_WORK INSTRUCTION_
Reproduce precisely the lines of the material below from the line containing "1分钟教会你用魔棒工具快速抠图ps抠图技巧实例讲解" up to and including its last line. Pictures must not be copied.

** Opening AVAILABLE RECORDS block **

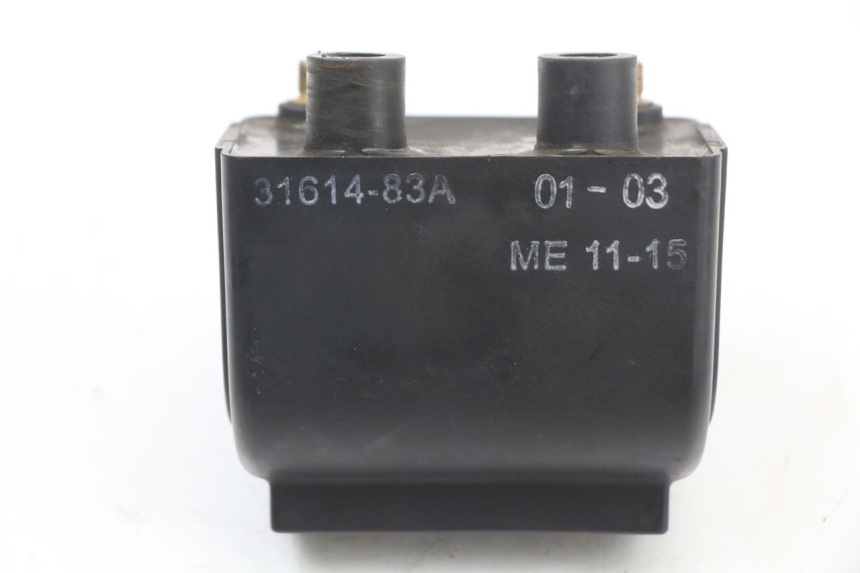 photo de BOBINA HARLEY DAVIDSON SPORTSTER XL CUSTOM 1200 (2003 - 2004) - Otra perspectiva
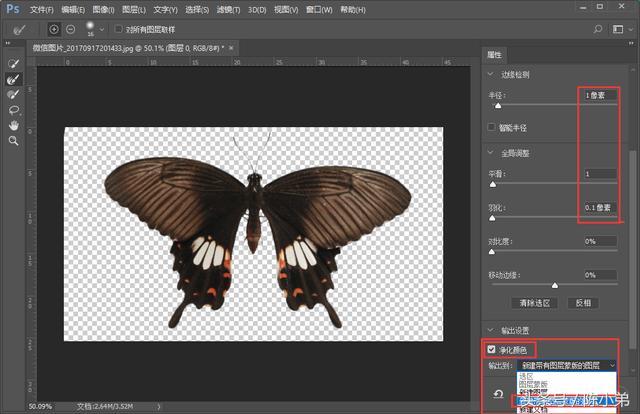 1分钟教会你用魔棒工具快速抠图ps抠图技巧实例讲解
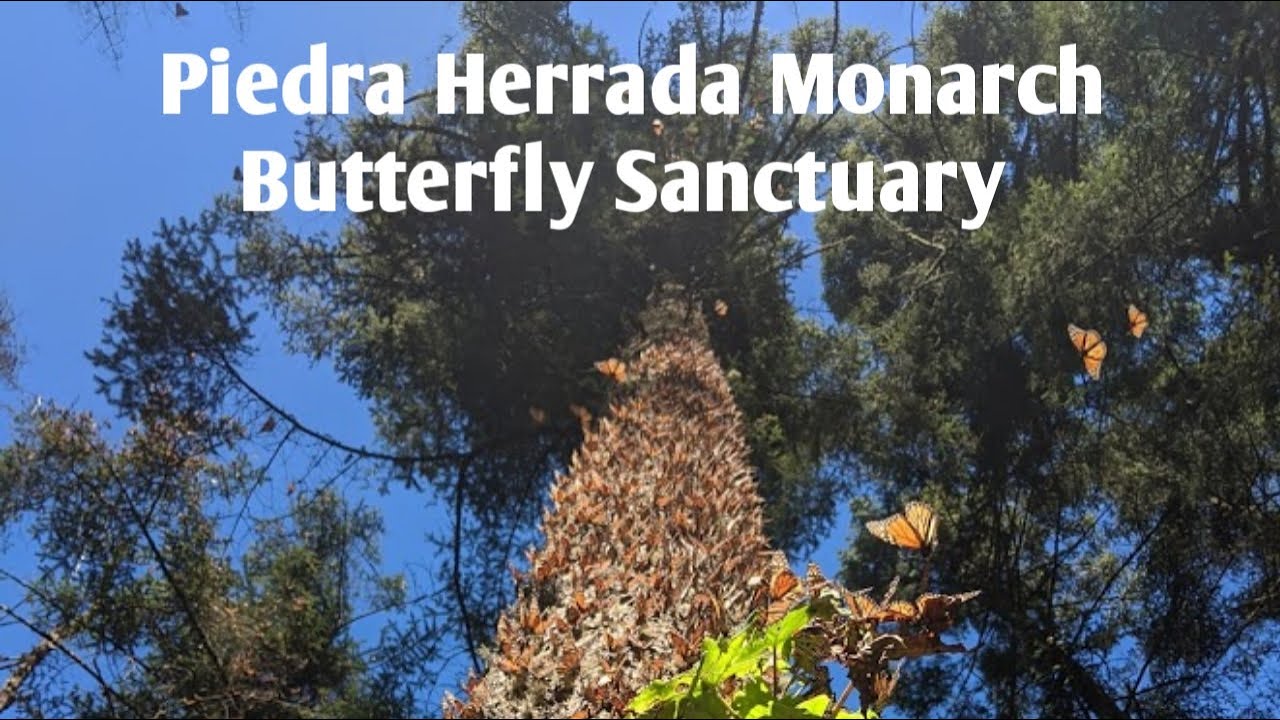 Santuario Piedra Herrada Monarch Butterflies Sanctuary Temascaltepec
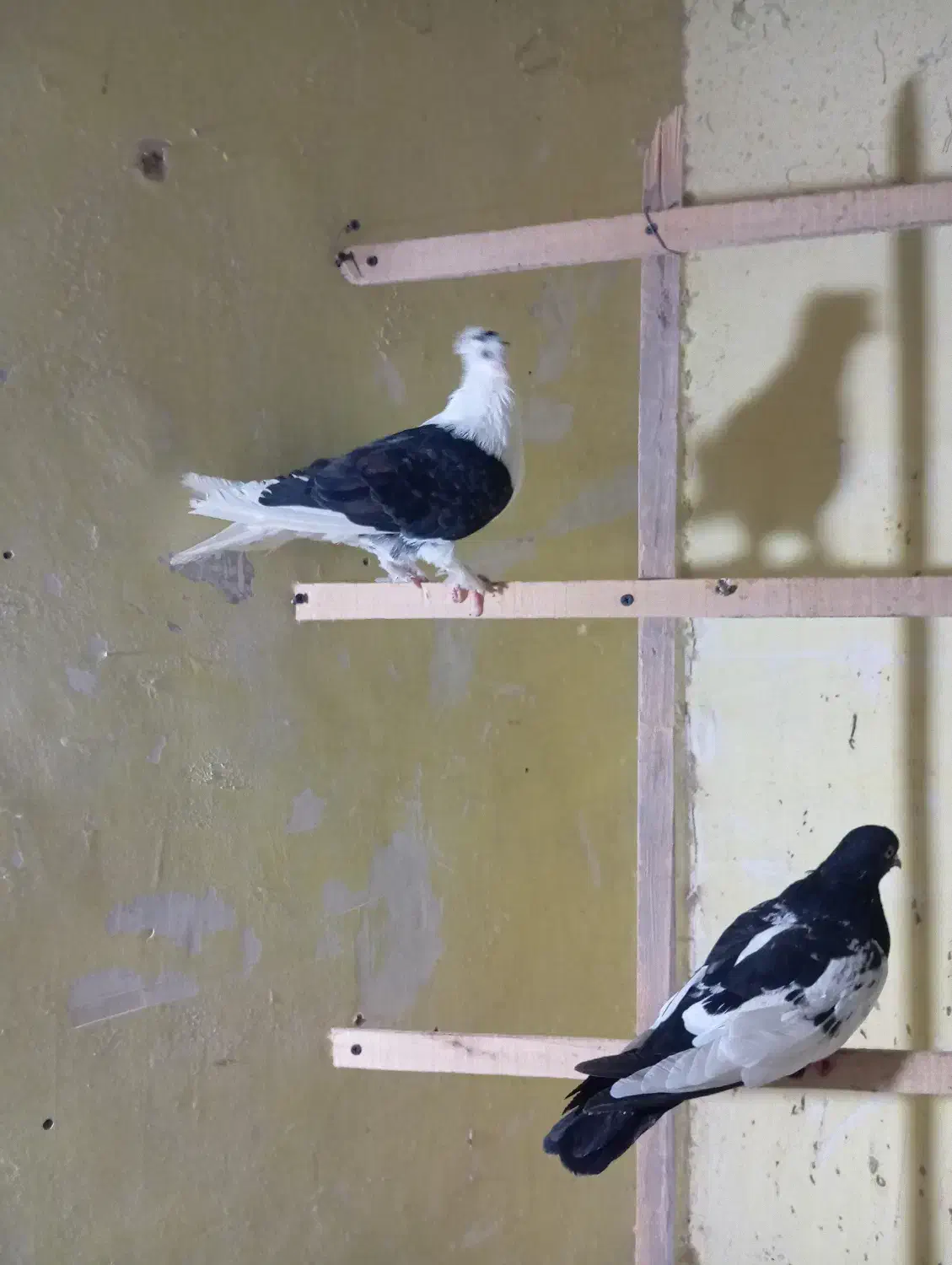 کفتر|پرنده|مشهد, کوه سنگی|دیوار
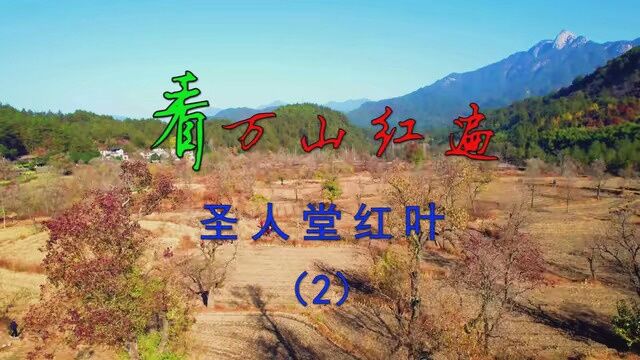 第2集|看万山红遍 圣人堂红叶(2)#12月就该这样玩 #我要上热榜 #记录真实生活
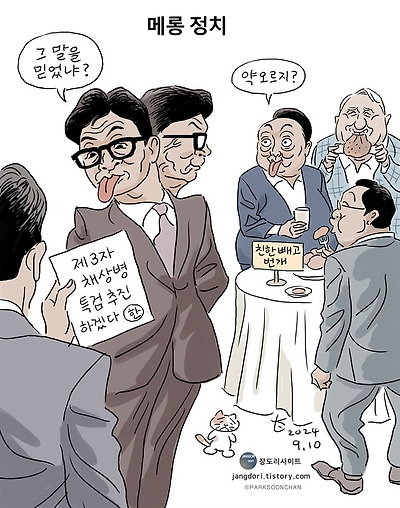 메롱 정치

** Closing AVAILABLE RECORDS block **

_ANSWER TO THE EXERCISE_
 1分钟教会你用魔棒工具快速抠图ps抠图技巧实例讲解
 Santuario Piedra Herrada Monarch Butterflies Sanctuary Temascaltepec
 کفتر|پرنده|مشهد, کوه سنگی|دیوار
 第2集|看万山红遍 圣人堂红叶(2)#12月就该这样玩 #我要上热榜 #记录真实生活
 메롱 정치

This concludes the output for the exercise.